Exercise requirements: In the records below, one line contains "2024 Chevrolet Silverado". Print that line and every line after it exactly, down to the final one.

[Stored items from a collection]

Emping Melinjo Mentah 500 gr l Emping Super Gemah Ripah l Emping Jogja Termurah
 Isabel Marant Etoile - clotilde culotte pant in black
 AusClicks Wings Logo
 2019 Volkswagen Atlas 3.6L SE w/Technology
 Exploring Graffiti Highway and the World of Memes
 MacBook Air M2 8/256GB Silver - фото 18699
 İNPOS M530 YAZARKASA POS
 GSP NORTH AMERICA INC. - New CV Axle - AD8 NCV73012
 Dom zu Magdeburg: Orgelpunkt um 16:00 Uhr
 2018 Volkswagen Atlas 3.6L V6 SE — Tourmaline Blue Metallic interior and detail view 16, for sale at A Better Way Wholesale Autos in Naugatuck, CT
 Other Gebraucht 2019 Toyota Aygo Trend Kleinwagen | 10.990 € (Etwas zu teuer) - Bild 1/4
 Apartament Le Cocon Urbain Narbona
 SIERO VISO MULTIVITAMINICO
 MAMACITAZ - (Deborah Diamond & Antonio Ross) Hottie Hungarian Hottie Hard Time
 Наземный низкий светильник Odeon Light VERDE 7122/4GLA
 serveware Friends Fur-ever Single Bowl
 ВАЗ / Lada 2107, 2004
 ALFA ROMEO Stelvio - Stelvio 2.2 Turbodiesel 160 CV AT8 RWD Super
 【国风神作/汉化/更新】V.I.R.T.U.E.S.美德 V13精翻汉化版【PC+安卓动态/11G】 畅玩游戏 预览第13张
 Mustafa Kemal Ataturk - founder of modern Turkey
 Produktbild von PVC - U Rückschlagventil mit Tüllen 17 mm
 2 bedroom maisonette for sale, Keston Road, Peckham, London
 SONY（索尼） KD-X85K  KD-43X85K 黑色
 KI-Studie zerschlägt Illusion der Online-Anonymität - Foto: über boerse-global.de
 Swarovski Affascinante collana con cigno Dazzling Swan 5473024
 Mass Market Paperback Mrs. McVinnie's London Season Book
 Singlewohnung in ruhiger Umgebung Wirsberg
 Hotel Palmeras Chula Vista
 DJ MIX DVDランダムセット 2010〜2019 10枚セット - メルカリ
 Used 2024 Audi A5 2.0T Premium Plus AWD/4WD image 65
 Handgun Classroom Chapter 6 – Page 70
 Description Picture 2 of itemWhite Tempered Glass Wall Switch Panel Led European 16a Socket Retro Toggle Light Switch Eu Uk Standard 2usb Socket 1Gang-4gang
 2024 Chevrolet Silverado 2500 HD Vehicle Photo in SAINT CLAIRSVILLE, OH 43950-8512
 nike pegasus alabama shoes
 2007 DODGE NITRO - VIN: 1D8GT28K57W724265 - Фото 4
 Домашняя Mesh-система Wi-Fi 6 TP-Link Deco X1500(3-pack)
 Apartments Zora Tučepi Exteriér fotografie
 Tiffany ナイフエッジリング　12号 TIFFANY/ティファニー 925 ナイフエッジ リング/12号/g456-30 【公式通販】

Answer space:
 2024 Chevrolet Silverado 2500 HD Vehicle Photo in SAINT CLAIRSVILLE, OH 43950-8512
 nike pegasus alabama shoes
 2007 DODGE NITRO - VIN: 1D8GT28K57W724265 - Фото 4
 Домашняя Mesh-система Wi-Fi 6 TP-Link Deco X1500(3-pack)
 Apartments Zora Tučepi Exteriér fotografie
 Tiffany ナイフエッジリング　12号 TIFFANY/ティファニー 925 ナイフエッジ リング/12号/g456-30 【公式通販】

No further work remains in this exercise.